Der wissenschaftliche Bericht legt aber dar, inwiefern die individuellen Merkmale der Schülerinnen und Schüler ihre Ergebnisse beeinflussen. Erhoben wurden die soziale Herkunft, der Migrationsstatus, die zu Hause gesprochene Sprache und das Geschlecht. Wenig erstaunlich erwies sich dabei die soziale Herkunft als Merkmal mit dem stärksten Einfluss. Erstaunlich ist allerdings, dass die Merkmale nicht überall gleich wirken. So war das Merkmal soziale Herkunft auffallend häufig «nur im Kanton Zürich statistisch signifikant», namentlich beim Lesen und bei der Orthographie der Schulsprache sowie dem Hörverstehen der ersten Fremdsprache, also Englisch.

Faktor urbanes Umfeld

Hat Zürich demnach ein grösseres Problem mit der Bildungsgerechtigkeit als bisher angenommen? Silvia Steiner warnt vor voreiligen Schlüssen: Dieser Effekt spiele in Zürich zwar offenbar stärker, aber noch sei völlig unklar, warum. «Wir müssen das sehr genau anschauen», sagte sie am Rande des Medienanlasses. Solche Faktoren dürften nie isoliert betrachtet werden, sondern spielten immer mit anderen zusammen. Denkbar sei sogar, dass die soziale Herkunft in einem städtischen Kanton stärker ins Gewicht falle als in einem ländlichen. Das seien jedoch bloss unqualifizierte Mutmassungen: «Das sind Fragen, die wir nun an die Wissenschaft stellen werden.»
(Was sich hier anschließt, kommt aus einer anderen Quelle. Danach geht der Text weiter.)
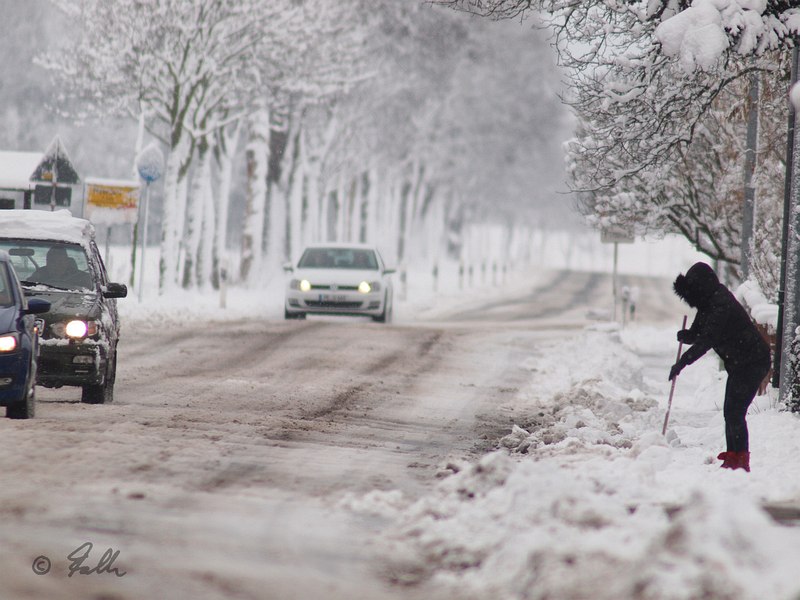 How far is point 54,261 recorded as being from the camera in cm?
1276

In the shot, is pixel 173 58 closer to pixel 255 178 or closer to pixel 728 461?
pixel 255 178

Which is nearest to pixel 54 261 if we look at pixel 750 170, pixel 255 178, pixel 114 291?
pixel 114 291

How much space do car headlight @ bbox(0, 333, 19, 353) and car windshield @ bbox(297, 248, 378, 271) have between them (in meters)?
16.0

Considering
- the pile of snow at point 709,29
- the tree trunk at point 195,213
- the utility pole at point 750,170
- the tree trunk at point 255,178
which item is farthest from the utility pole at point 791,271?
the tree trunk at point 255,178

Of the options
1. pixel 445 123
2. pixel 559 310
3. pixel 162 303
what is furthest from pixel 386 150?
pixel 162 303

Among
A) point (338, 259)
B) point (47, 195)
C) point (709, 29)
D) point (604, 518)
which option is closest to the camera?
point (604, 518)

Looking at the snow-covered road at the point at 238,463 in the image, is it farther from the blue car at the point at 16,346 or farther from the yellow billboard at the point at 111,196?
the yellow billboard at the point at 111,196

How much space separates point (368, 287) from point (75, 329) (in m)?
14.0

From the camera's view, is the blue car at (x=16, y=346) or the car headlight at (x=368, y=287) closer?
the blue car at (x=16, y=346)

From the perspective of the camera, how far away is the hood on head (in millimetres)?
9883

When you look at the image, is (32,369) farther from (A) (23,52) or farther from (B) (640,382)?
(A) (23,52)

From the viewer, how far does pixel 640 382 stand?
19.3 m

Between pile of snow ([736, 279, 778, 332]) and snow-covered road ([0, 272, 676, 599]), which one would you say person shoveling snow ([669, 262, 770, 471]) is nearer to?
snow-covered road ([0, 272, 676, 599])

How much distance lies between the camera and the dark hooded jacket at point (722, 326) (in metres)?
9.83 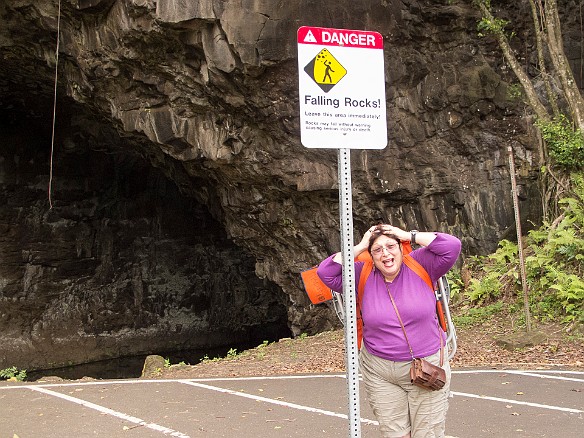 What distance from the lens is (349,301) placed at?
3.39 m

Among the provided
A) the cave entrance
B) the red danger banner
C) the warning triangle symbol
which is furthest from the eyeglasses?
the cave entrance

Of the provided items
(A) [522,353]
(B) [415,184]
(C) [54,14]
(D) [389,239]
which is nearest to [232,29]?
(C) [54,14]

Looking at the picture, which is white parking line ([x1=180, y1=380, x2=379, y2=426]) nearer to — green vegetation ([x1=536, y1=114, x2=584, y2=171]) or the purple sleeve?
the purple sleeve

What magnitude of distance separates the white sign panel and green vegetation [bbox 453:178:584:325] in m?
8.84

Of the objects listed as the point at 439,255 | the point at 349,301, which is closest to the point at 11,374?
the point at 439,255

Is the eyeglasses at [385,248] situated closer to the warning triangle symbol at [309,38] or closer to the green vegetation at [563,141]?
the warning triangle symbol at [309,38]

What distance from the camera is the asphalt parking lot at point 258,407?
6375 millimetres

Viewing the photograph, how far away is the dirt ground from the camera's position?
999 centimetres

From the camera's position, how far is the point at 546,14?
1459 cm

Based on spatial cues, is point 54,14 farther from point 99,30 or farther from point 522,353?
point 522,353

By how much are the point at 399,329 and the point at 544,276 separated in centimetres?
963

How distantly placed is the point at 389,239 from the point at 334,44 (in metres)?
1.16

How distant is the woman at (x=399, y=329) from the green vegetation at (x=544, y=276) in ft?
26.3

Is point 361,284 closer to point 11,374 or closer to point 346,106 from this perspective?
point 346,106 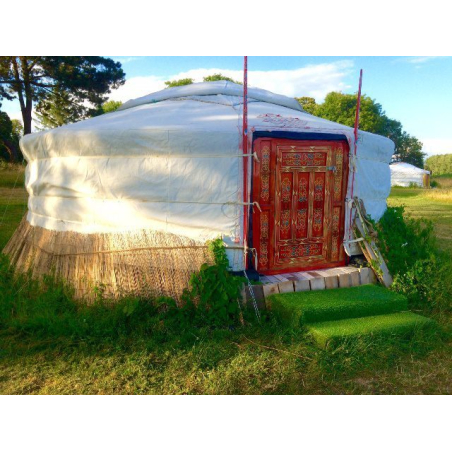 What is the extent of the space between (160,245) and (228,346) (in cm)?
124

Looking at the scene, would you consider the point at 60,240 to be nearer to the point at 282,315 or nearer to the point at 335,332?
the point at 282,315

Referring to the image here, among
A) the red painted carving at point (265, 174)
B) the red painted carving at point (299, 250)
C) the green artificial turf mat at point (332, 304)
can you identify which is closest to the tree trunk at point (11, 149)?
the red painted carving at point (265, 174)

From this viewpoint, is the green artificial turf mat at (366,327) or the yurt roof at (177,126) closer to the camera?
the green artificial turf mat at (366,327)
Fragezeichen hat die Bildungsdirektion auch bei der statistischen Anlage der Erhebung, denn, anders als etwa im kleinen Appenzell Innerrhoden, wurde in Zürich nicht die gesamte Schülerschaft, sondern nur eine repräsentative Zahl geprüft. Der Kanton will die Zürcher Ergebnisse deshalb vertiefter analysieren und verifizieren. Er will sie etwa mit anderen Erhebungen wie den Pisa-Studien und eigenen Studien abgleichen, um aussagekräftigere Schlüsse ziehen zu können.